Below are records with pictures. Transcribe exactly, and only, the lines from the line with "SpotlightBrasil - Vel'Koz" to the line with "Outback Evenings Canvas Art Print", both ends included, but not the pictures.

### Input records:
------------------------------------------------
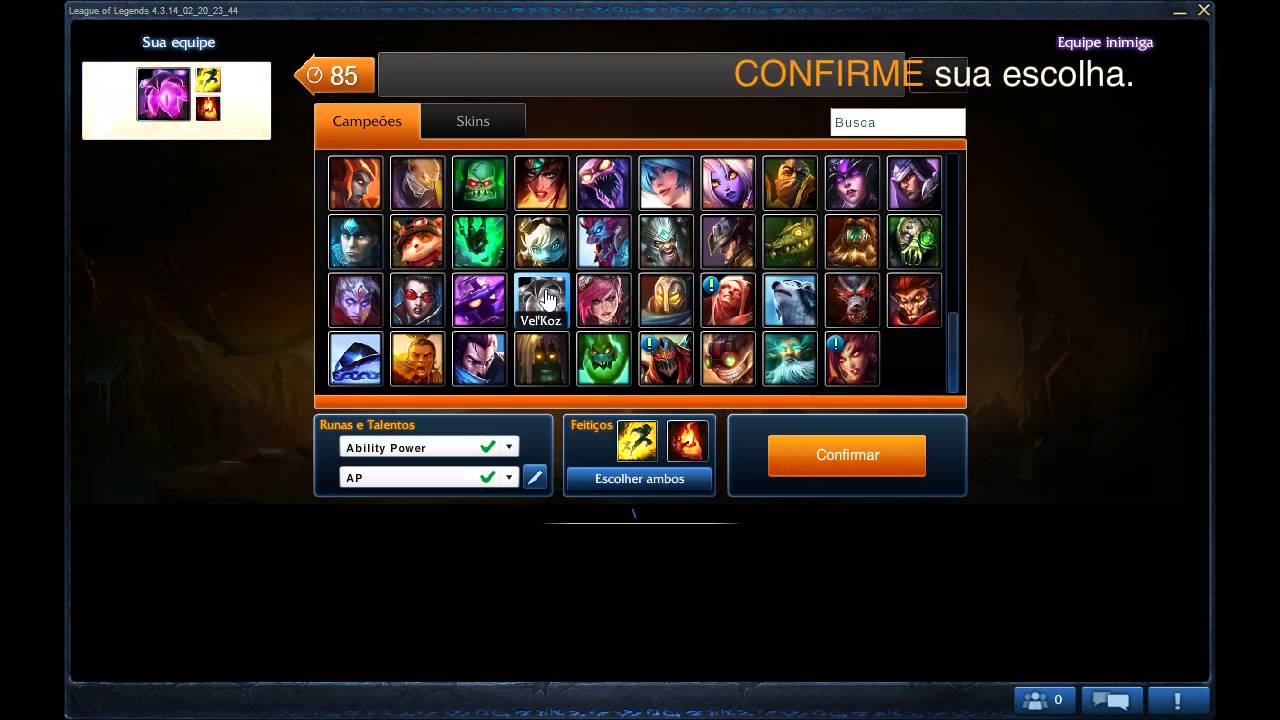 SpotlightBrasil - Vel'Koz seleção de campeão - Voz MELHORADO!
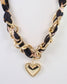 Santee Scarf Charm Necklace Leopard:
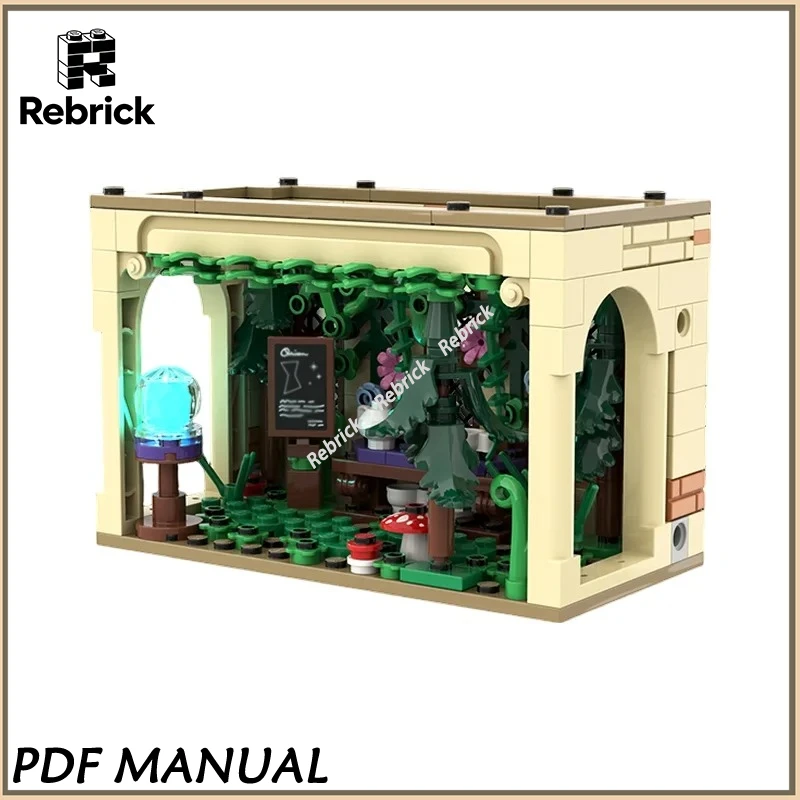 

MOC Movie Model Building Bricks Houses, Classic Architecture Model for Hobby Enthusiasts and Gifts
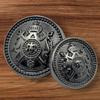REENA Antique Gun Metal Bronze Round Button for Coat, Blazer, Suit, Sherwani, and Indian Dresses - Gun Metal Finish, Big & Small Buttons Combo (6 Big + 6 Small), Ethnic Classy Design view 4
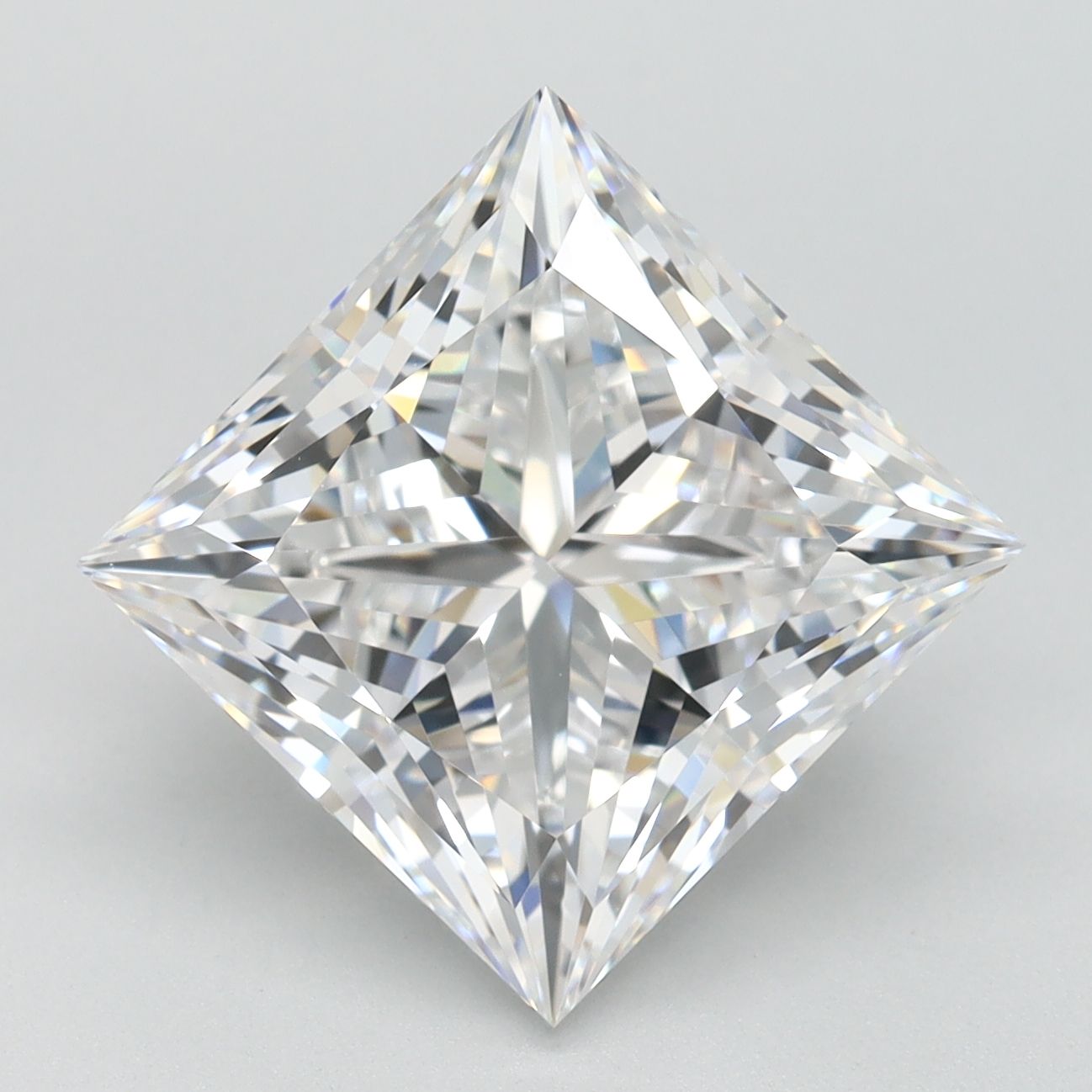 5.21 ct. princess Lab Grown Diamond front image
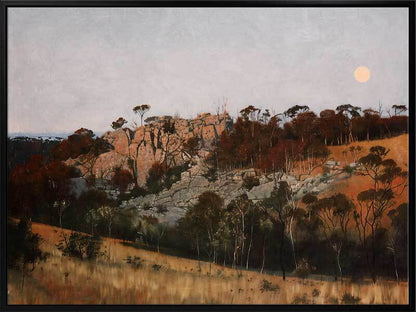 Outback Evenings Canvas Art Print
------------------------------------------------
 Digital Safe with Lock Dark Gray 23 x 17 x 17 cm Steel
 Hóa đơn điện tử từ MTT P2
------------------------------------------------
### Task answer:
 SpotlightBrasil - Vel'Koz seleção de campeão - Voz MELHORADO!
 Santee Scarf Charm Necklace Leopard:

MOC Movie Model Building Bricks Houses, Classic Architecture Model for Hobby Enthusiasts and Gifts
REENA Antique Gun Metal Bronze Round Button for Coat, Blazer, Suit, Sherwani, and Indian Dresses - Gun Metal Finish, Big & Small Buttons Combo (6 Big + 6 Small), Ethnic Classy Design view 4
 5.21 ct. princess Lab Grown Diamond front image
 Outback Evenings Canvas Art Print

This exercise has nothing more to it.